Work to complete — Nothing but the lines below from the one holding "South Tower #521" up to and including the one holding "Kitchen or kitchenette, minibar" should be copied, exactly and without pictures.

Input material —

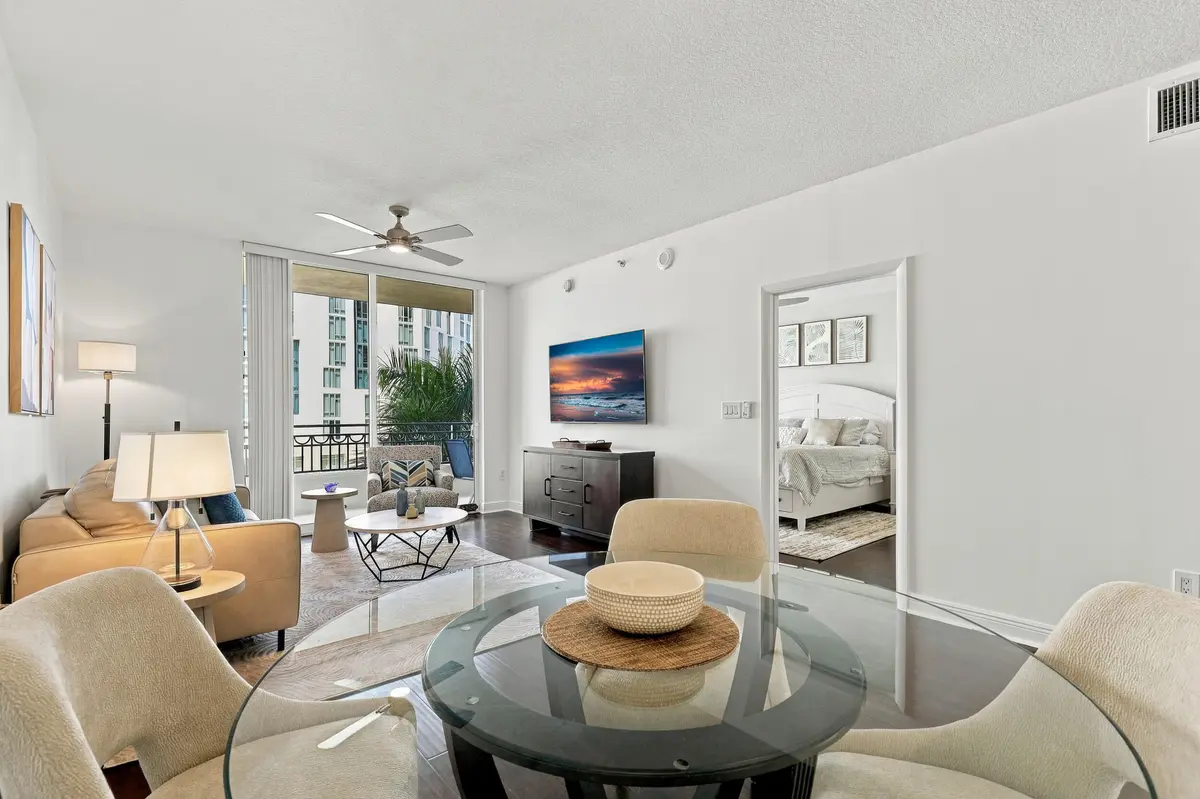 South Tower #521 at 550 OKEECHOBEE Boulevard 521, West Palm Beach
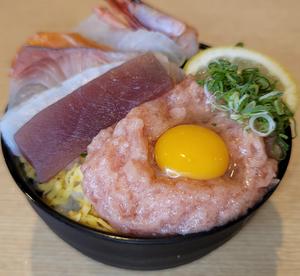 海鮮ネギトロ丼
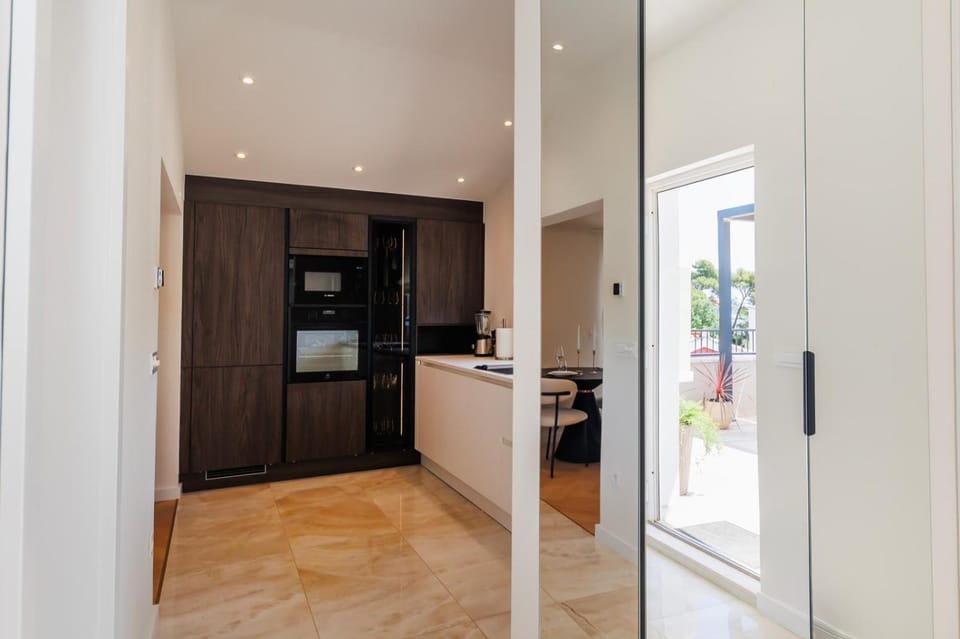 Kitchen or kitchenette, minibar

---

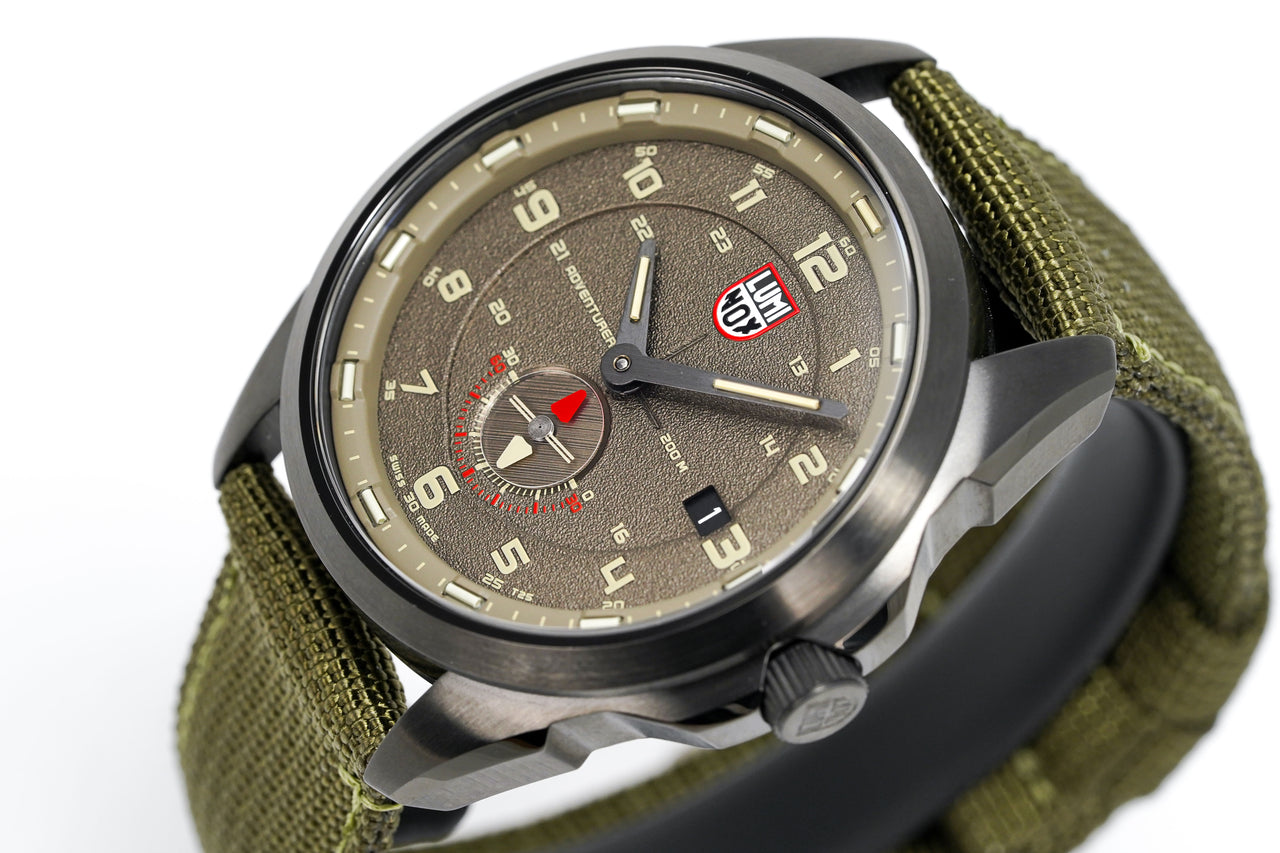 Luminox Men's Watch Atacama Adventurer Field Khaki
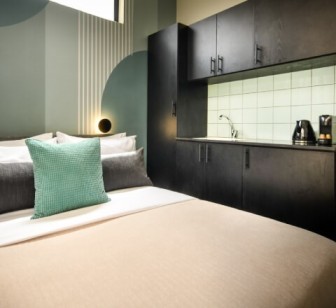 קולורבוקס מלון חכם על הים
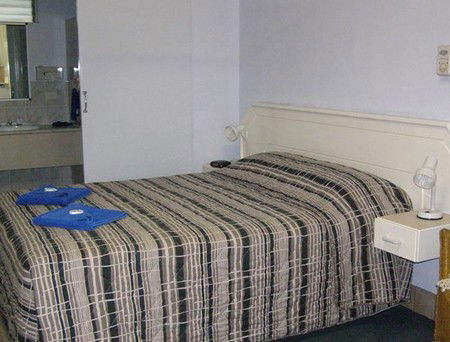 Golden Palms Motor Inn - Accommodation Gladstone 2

Answer to this problem —
 South Tower #521 at 550 OKEECHOBEE Boulevard 521, West Palm Beach
 海鮮ネギトロ丼
 Kitchen or kitchenette, minibar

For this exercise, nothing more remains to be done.